Nach einer Vorsortierung an einer Rüttelrinne durch die dort positionierten Frauen gelangte alles Unbrauchbare in der Verbrennung. Der Rest vom Müll wurde weiterverkauft – schon damals ein erster Ansatz einer Wiederverwendung und eines Recyclings.
Interessant. Die vor Ort aussortierten Küchenabfälle wurden entwässert, sterilisiert, gekocht und gesiebt – und an die in der direkt benachbarten Anlage gehaltenen 2.000 Schweine verfüttert (eine andere Quelle spricht hier von 5.000 Schweinen).
1907 vernichtete allerdings die Schweinepest fast den gesamten Tierbestand. So wurden die Küchenabfälle in der “Charlottenburger Müllverwertung” durch ein neu eingeführtes Trockensystem zu Dauerfutter verarbeitet.
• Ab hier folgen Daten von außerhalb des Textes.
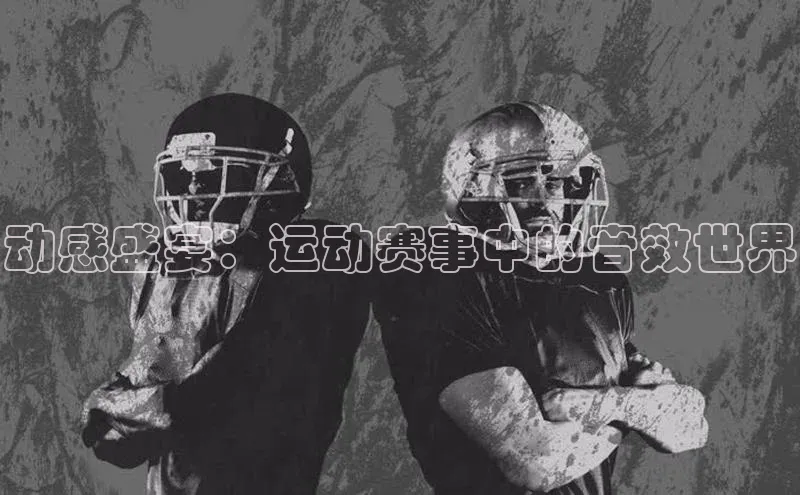 动感盛宴：运动赛事中的音效世界
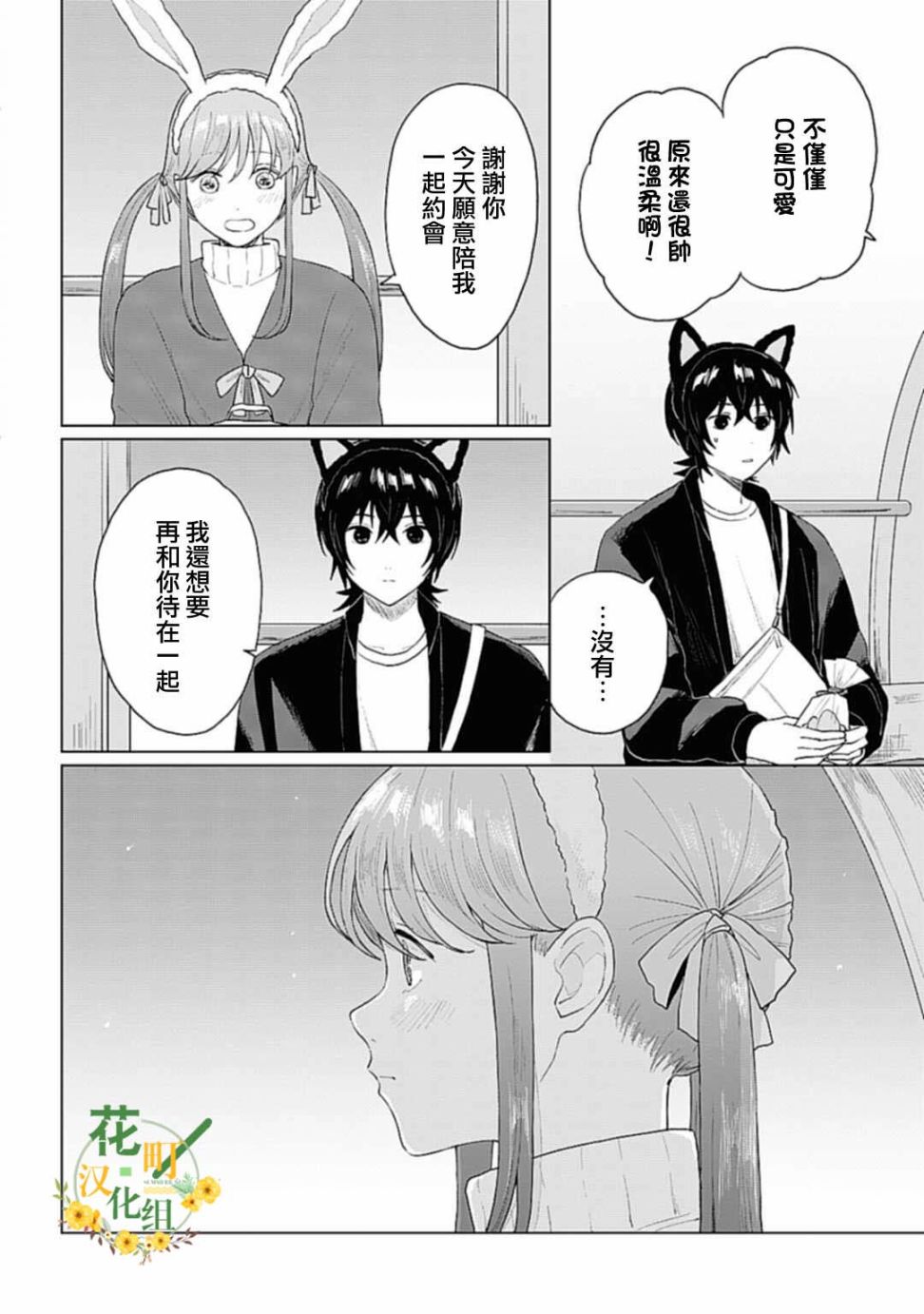 《我养了个少年》漫画最新章节第20.1话免费下拉式在线观看章节第【14】张图片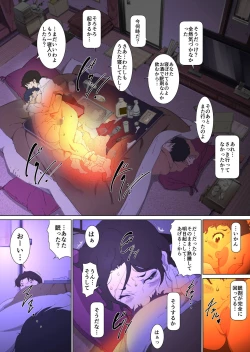Page 18 of Mother Misuko Mischief in Kotatsu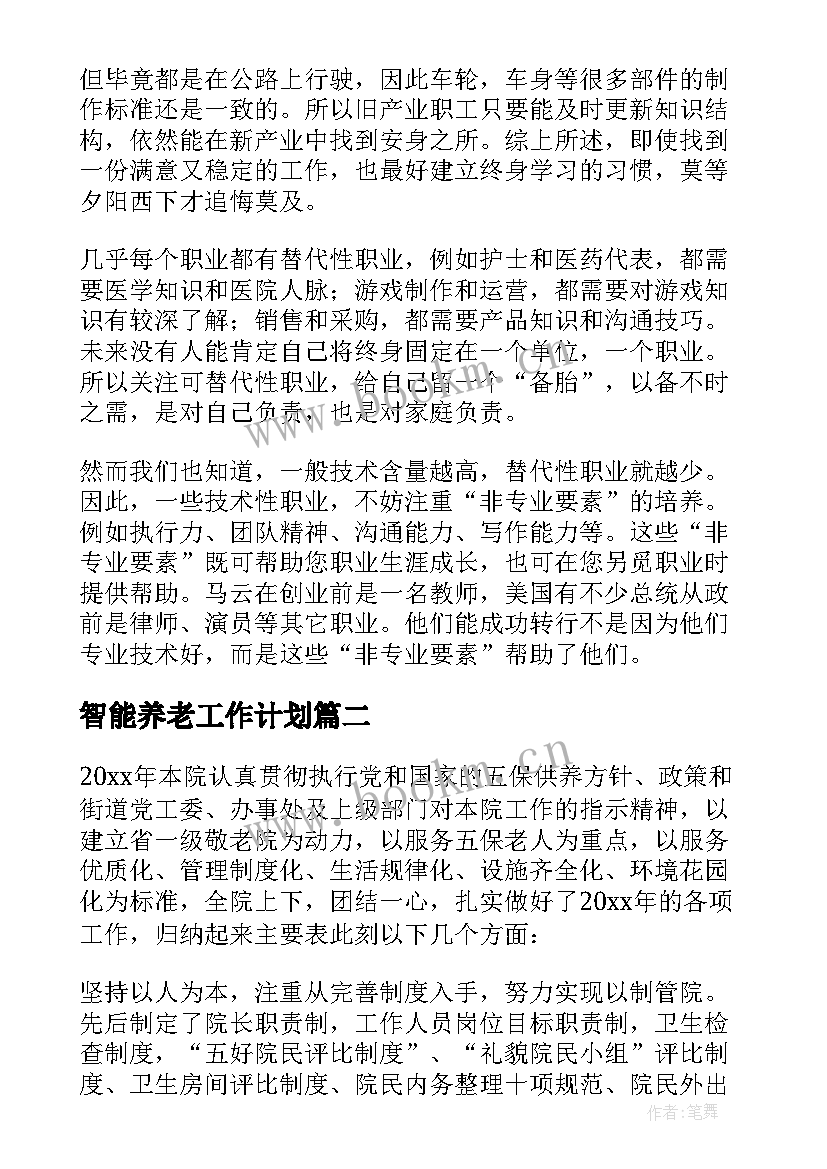 2023年智能养老工作计划(通用10篇)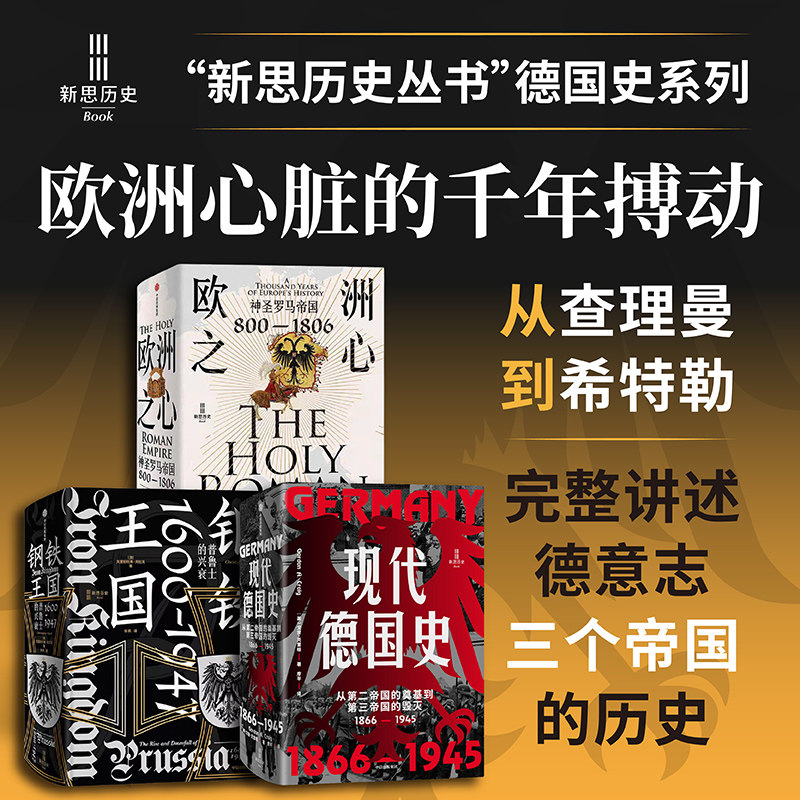 现代德国史：从第二帝国的奠基到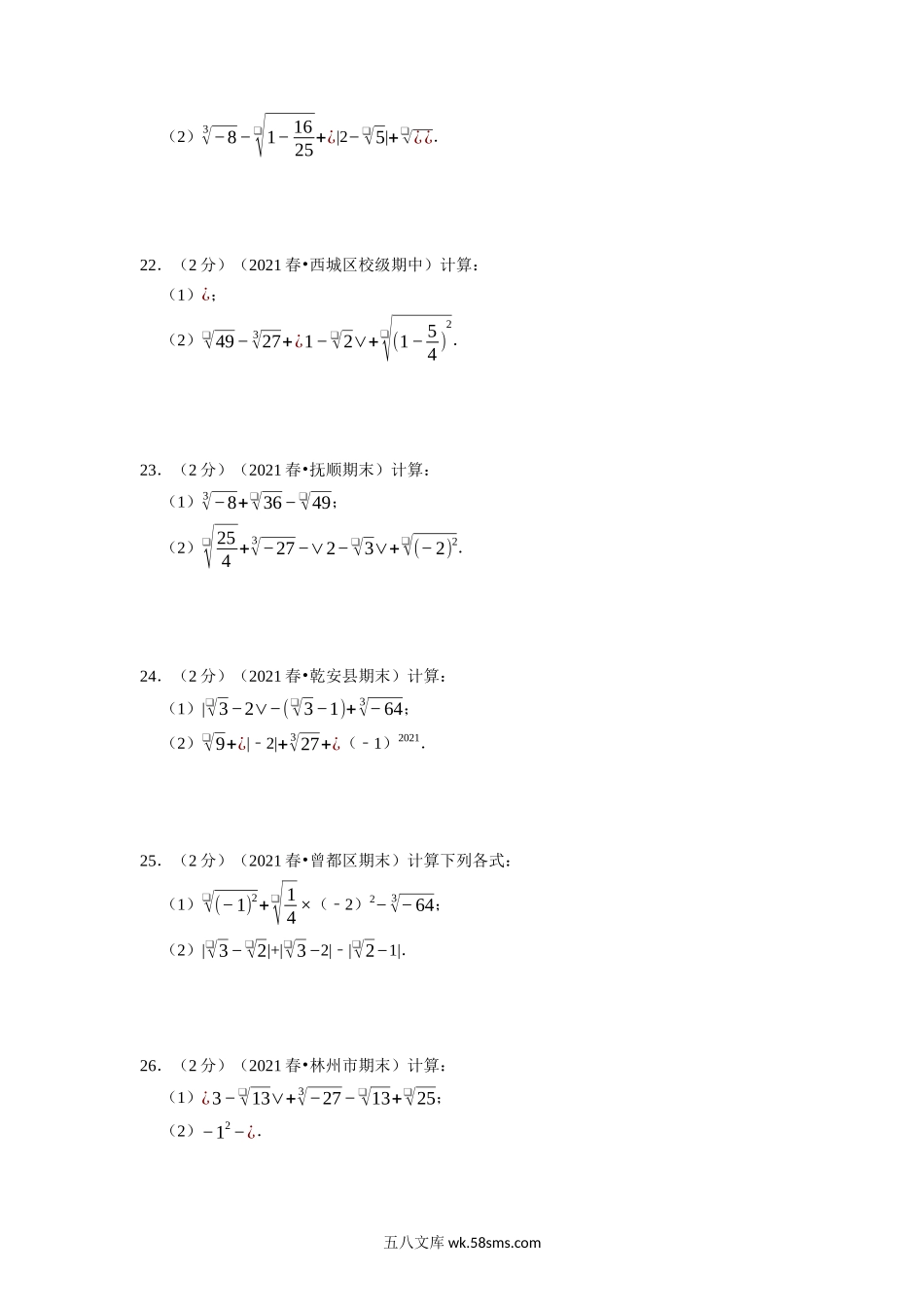 专题4.5 实数的运算专项训练50道（学生版）2022年八年级数学上册举一反三系列（苏科版）_八年级上册.docx_第3页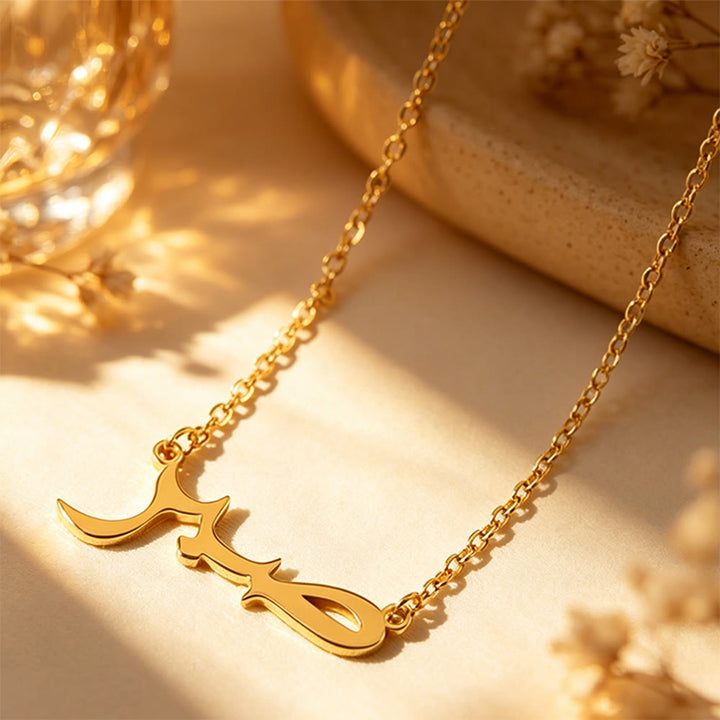 HilalHaven Horizontal Calligraphy Script Pendant Necklace — Minimalist Stainless Steel Jewelry - Golden Calligraphic Script - image 2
Von 1916 bis 1922 wurde das Seegefelder Werk sogenanntes “Reichseigentum”, also enteignet. Kohlemangel nach dem 1. Weltkrieg führte zu einer Umstellung auf die Produktion von Melasse-Futter, weil die ursprüngliche Produktion von Tierfutter zu viel Energie verschlang. Melasse ist ein braunes Nebenprodukt der Zuckerproduktion. So wurde dieser Betrieb nach 1922 eine Tochtergesellschaft der Nauener Zuckerfabrik. Das Seegefelder Kraftfutterwerk galt Anfang der 1930er als eines der ältesten und größten industriellen Unternehmen in der Gemeinde Falkensee. Mit dem Ursprung – dem Müll aus Charlottenburg – hatte das aber nichts mehr zu tun.
Was geschah nun aber eigentlich mit dem Charlottenburger Müll? Eine kostensparende Müllvorsortierung ließ sich in der Bevölkerung selbst mit teuren Werbekampagnen nicht durchsetzen: Niemand wollte seinen Müll trennen. Die Charlottenburger CHA musste deswegen bereits 1917 ihren Betrieb einstellen.
Mit der Gründung von Groß-Berlin kam die durch den 1. Weltkrieg in wirtschaftliche Not geratene Berliner Müllgenossenschaft der Hausbesitzer ebenfalls in Schwierigkeiten und musste 1922 ihren Betrieb einstellen. An ihre Stelle trat die BEMAG – die Berliner Müllabfuhr Aktiengesellschaft.
Übrigens: Das Gebäude der “Charlottenburger Müllverwertung” in der Falkenseer Potterstraße steht immer noch. Nur der Schornstein ist verschwunden.
(Quellen: smög TU Berlin „Der Müll muss raus aus Berlin“ 1993; Falkensee in Wort und Bild 1934)
Dieser Artikel stammt aus „Unser Havelland“ Ausgabe 233 (8/2025).